ASSIGNMENT ->
Your output should be the entries below, exact in every detail.

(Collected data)
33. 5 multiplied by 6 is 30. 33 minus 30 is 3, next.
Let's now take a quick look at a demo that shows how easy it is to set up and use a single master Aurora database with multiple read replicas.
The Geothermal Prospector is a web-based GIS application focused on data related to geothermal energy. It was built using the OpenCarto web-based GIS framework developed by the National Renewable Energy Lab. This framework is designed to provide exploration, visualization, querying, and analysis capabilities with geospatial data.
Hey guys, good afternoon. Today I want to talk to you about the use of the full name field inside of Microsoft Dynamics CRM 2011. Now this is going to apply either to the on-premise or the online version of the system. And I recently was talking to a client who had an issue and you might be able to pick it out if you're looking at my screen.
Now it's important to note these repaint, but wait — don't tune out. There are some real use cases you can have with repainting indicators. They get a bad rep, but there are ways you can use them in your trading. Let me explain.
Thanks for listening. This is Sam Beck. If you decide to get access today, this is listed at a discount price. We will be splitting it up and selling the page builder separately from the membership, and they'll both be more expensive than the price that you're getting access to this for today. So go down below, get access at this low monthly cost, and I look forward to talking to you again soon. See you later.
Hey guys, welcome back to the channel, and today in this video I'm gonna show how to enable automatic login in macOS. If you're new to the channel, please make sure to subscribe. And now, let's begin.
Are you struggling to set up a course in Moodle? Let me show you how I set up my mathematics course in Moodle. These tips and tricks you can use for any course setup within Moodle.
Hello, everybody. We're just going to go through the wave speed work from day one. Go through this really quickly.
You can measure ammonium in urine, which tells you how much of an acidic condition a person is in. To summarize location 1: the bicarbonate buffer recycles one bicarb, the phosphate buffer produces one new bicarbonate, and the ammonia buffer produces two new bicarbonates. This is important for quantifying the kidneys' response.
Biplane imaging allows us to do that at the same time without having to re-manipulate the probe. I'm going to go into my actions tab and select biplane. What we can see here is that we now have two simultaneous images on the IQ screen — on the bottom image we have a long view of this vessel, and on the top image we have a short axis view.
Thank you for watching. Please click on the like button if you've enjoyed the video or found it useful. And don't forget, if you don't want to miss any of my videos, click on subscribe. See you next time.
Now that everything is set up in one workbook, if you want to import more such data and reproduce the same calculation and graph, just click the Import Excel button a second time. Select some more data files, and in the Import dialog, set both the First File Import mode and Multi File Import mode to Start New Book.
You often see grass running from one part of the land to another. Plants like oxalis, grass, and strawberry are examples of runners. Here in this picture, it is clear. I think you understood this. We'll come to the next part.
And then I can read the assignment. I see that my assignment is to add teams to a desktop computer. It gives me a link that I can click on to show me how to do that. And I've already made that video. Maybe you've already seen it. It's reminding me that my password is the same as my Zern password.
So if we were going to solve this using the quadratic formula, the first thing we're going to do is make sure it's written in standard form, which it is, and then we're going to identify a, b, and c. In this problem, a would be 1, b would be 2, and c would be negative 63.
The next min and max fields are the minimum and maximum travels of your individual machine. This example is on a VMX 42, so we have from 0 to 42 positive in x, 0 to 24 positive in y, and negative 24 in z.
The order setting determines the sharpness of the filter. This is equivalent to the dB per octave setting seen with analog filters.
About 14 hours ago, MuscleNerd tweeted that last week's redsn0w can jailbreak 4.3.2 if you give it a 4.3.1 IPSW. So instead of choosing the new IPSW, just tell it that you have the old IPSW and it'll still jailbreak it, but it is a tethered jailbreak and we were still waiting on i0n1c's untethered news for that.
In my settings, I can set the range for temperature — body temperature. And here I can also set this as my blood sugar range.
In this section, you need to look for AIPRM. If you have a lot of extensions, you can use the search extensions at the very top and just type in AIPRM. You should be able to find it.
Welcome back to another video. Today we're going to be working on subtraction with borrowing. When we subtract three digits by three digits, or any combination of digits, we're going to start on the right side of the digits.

OUTPUT OF THE TASK ->
33. 5 multiplied by 6 is 30. 33 minus 30 is 3, next.
Let's now take a quick look at a demo that shows how easy it is to set up and use a single master Aurora database with multiple read replicas.
The Geothermal Prospector is a web-based GIS application focused on data related to geothermal energy. It was built using the OpenCarto web-based GIS framework developed by the National Renewable Energy Lab. This framework is designed to provide exploration, visualization, querying, and analysis capabilities with geospatial data.
Hey guys, good afternoon. Today I want to talk to you about the use of the full name field inside of Microsoft Dynamics CRM 2011. Now this is going to apply either to the on-premise or the online version of the system. And I recently was talking to a client who had an issue and you might be able to pick it out if you're looking at my screen.
Now it's important to note these repaint, but wait — don't tune out. There are some real use cases you can have with repainting indicators. They get a bad rep, but there are ways you can use them in your trading. Let me explain.
Thanks for listening. This is Sam Beck. If you decide to get access today, this is listed at a discount price. We will be splitting it up and selling the page builder separately from the membership, and they'll both be more expensive than the price that you're getting access to this for today. So go down below, get access at this low monthly cost, and I look forward to talking to you again soon. See you later.
Hey guys, welcome back to the channel, and today in this video I'm gonna show how to enable automatic login in macOS. If you're new to the channel, please make sure to subscribe. And now, let's begin.
Are you struggling to set up a course in Moodle? Let me show you how I set up my mathematics course in Moodle. These tips and tricks you can use for any course setup within Moodle.
Hello, everybody. We're just going to go through the wave speed work from day one. Go through this really quickly.
You can measure ammonium in urine, which tells you how much of an acidic condition a person is in. To summarize location 1: the bicarbonate buffer recycles one bicarb, the phosphate buffer produces one new bicarbonate, and the ammonia buffer produces two new bicarbonates. This is important for quantifying the kidneys' response.
Biplane imaging allows us to do that at the same time without having to re-manipulate the probe. I'm going to go into my actions tab and select biplane. What we can see here is that we now have two simultaneous images on the IQ screen — on the bottom image we have a long view of this vessel, and on the top image we have a short axis view.
Thank you for watching. Please click on the like button if you've enjoyed the video or found it useful. And don't forget, if you don't want to miss any of my videos, click on subscribe. See you next time.
Now that everything is set up in one workbook, if you want to import more such data and reproduce the same calculation and graph, just click the Import Excel button a second time. Select some more data files, and in the Import dialog, set both the First File Import mode and Multi File Import mode to Start New Book.
You often see grass running from one part of the land to another. Plants like oxalis, grass, and strawberry are examples of runners. Here in this picture, it is clear. I think you understood this. We'll come to the next part.
And then I can read the assignment. I see that my assignment is to add teams to a desktop computer. It gives me a link that I can click on to show me how to do that. And I've already made that video. Maybe you've already seen it. It's reminding me that my password is the same as my Zern password.
So if we were going to solve this using the quadratic formula, the first thing we're going to do is make sure it's written in standard form, which it is, and then we're going to identify a, b, and c. In this problem, a would be 1, b would be 2, and c would be negative 63.
The next min and max fields are the minimum and maximum travels of your individual machine. This example is on a VMX 42, so we have from 0 to 42 positive in x, 0 to 24 positive in y, and negative 24 in z.
The order setting determines the sharpness of the filter. This is equivalent to the dB per octave setting seen with analog filters.
About 14 hours ago, MuscleNerd tweeted that last week's redsn0w can jailbreak 4.3.2 if you give it a 4.3.1 IPSW. So instead of choosing the new IPSW, just tell it that you have the old IPSW and it'll still jailbreak it, but it is a tethered jailbreak and we were still waiting on i0n1c's untethered news for that.
In my settings, I can set the range for temperature — body temperature. And here I can also set this as my blood sugar range.
In this section, you need to look for AIPRM. If you have a lot of extensions, you can use the search extensions at the very top and just type in AIPRM. You should be able to find it.
Welcome back to another video. Today we're going to be working on subtraction with borrowing. When we subtract three digits by three digits, or any combination of digits, we're going to start on the right side of the digits.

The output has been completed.